Democracy becomes stronger and more consolidated, the higher the quality and the more integrity the electoral process has.
In South Africa, the competence and the integrity of the IEC has proven important since the first IEC. It is of the utmost importance that the perception of the IEC as competent and politically unbiased is not allowed to change.
Automatic voter registration must be introduced as a matter of urgency.
The ISI proposal for a new South African electoral system can be a good starting point for the work of the Electoral Reform Consultative Panel, which has been proposed.
The number of signatures required for a national party to get on the ballot paper has been suggested to be the same as the requirement for independent candidates. That is a very welcome improvement to South Africa’s electoral system – it might even be a good idea to set the requirement for political parties somewhat higher than for independent candidates.
My suggestions will all increase social cohesion, both in local settings – the MMCs – and in society at large, by reducing exclusion and by reducing the costs of taking responsibility for the attainment of goals agreed upon.
3. Q&A session with Jørgen Elklit, professor emeritus, Department of Political Science, Aarhus University
Q. The automatic voter registration will obviously bring down the costs for the IEC, because it's just a data merging between Home Affairs and the IEC. But at the same time, it would also most probably lead to a lower voter turnout, in the sense that, at the moment voter turnout is registered on 70%. Whereas, with the new system it would be registered on 100%. The problem in South Africa is with the young voters that are not coming on board. How do we motivate the young people to start talking and to exercise their democratic right?
A. Although the automatic voter registration would lead to a decrease in the official voting turnout number, I don’t think this matters, because the present voter turnout figure is artificial. The IEC says that the participation rate is about 70%, but on which participants are they basing this on? If it’s 70% of the elligible voters, then the current turnout in South Africa is actually only about 50%. But the IEC is always very proud of claiming that it is about 70%. What really matters is that the entire eligible population can easily exercise the right to vote without having to register or being registered some time ago, so I don't buy that argument at all.
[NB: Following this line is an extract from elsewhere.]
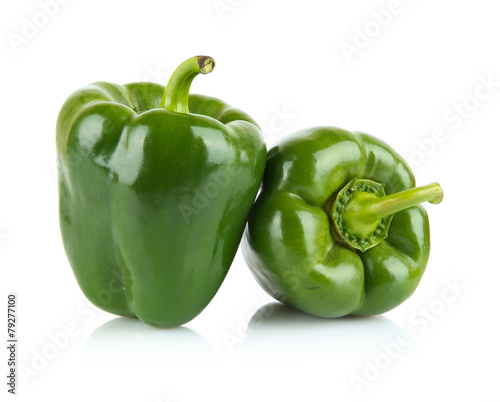 Close-up shot of two green bell peppers isolated on white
In reference to the question about the young voters – bearing in mind that some female voters are also underrepresented in the current situation – the issue with young voters voting less than others and registering less than others is not only a South African problem, it is seen all over the world and it is, in particular, seen among underprivileged young voters of different kinds. They have to be motivated and one can do different things in order to get them to register, but it is a complicated issue and I think the main reason is that the parliamentarians are not delivering on their promises. If parliamentarians made society function better, so that not only young voters but all of us could see that it made sense to go to the polls and vote – because that would influence what happened in our local society, in our village, in our country – then it would be easier to motivate young voters to go and vote. It's something which cannot be remedied very easily, as one would have to change the entire political culture and deliver in a different way.
Q. I want to follow on from the previous question. The issue about automatic voter registration is that it’s great in a country where the systems work well, but when you have a Home Affairs that is struggling to ensure the integrity of its data, then what you’ll have going forward is a well functioning electoral system that is in doubt. And so, we are actually going to go backwards. In my opinion, there's a prerequisite to automatic voter registration, given our context. What is your comment on that?
A. Yes, the more serious problem is, of course, how can one introduce automatic voter registration when Home Affairs is functioning, or rather, not functioning the way it is? Therefore, I understand completely that it is not something that could be immediately implemented or even set up long before the next election. Rather, it requires that structures be put in place that can handle it. It would not necessarily have to be Home Affairs, it could be some other body, but it would have to be capacitated and funded to do so. It could even be something the IEC could take on.
It would require legislation and decisions of a very complicated nature. I understand that. But the current situation, where more than a quarter of the population is not able to vote is, from a democratic point of view, a serious problem, and one that has to be dealt with, in my opinion. It will be complicated to salvage, but as I was just saying, it is what should be done because it cannot continue as it is.
Q. How do we deal with the issue of fraud and having ”dead” people coming into the electronic voting with automatic voter registration?
A. The way the automatic voter registration would function to avoid fraud within the system, is that when a person dies, they are deleted automatically from the register. And therefore, also from the voter register. So, a person cannot come with a claim, for example, for their deceased grandmother, because she would have already been deleted from the voter register automatically. And on the other end of the spectrum, when a person turns 18, they will automatically be registered as a voter. I think if one could get an organisation to prepare the framework for this system, and it works, it would probably solve the problem of fraudulent voters. That's one of the advantages.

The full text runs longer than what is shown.